↓↓↓

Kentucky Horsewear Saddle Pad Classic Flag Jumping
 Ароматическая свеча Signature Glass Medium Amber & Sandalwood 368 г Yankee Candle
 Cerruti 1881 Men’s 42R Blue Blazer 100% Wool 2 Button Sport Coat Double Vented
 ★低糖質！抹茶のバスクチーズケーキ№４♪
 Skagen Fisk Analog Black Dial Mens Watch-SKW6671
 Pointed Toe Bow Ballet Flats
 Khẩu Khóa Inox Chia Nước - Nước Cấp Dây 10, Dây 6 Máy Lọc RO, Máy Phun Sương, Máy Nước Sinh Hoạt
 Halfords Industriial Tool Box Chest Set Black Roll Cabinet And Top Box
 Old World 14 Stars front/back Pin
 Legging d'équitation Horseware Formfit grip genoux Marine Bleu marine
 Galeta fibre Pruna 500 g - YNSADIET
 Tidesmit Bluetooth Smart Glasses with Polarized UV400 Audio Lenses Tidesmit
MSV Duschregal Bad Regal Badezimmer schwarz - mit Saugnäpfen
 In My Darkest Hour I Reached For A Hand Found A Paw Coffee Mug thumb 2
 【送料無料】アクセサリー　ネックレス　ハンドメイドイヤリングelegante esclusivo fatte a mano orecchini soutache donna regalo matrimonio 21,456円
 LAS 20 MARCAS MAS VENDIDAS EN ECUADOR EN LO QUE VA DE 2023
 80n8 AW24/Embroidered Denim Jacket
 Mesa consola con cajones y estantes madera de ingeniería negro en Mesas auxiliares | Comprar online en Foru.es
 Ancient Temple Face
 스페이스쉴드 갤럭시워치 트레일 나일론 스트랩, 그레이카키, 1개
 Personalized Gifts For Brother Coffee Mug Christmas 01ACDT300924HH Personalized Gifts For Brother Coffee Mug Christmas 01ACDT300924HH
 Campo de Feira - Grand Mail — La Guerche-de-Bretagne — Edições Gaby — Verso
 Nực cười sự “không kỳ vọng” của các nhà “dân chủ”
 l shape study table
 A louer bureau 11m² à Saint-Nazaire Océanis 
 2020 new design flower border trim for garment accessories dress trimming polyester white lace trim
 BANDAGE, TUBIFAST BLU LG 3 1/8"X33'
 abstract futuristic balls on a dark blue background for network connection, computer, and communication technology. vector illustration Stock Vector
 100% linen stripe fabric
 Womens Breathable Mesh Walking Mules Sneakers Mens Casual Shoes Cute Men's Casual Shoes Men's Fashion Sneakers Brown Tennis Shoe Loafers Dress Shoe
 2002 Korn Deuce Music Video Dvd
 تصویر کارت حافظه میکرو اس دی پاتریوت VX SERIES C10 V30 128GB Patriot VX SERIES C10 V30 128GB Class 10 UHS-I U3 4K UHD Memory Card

↑↑↑

# EXERCISE:
Take the line containing "2020 new design" and each line after it up to the last line of the listing, and print them exactly.

# THE ANSWER:
 2020 new design flower border trim for garment accessories dress trimming polyester white lace trim
 BANDAGE, TUBIFAST BLU LG 3 1/8"X33'
 abstract futuristic balls on a dark blue background for network connection, computer, and communication technology. vector illustration Stock Vector
 100% linen stripe fabric
 Womens Breathable Mesh Walking Mules Sneakers Mens Casual Shoes Cute Men's Casual Shoes Men's Fashion Sneakers Brown Tennis Shoe Loafers Dress Shoe
 2002 Korn Deuce Music Video Dvd
 تصویر کارت حافظه میکرو اس دی پاتریوت VX SERIES C10 V30 128GB Patriot VX SERIES C10 V30 128GB Class 10 UHS-I U3 4K UHD Memory Card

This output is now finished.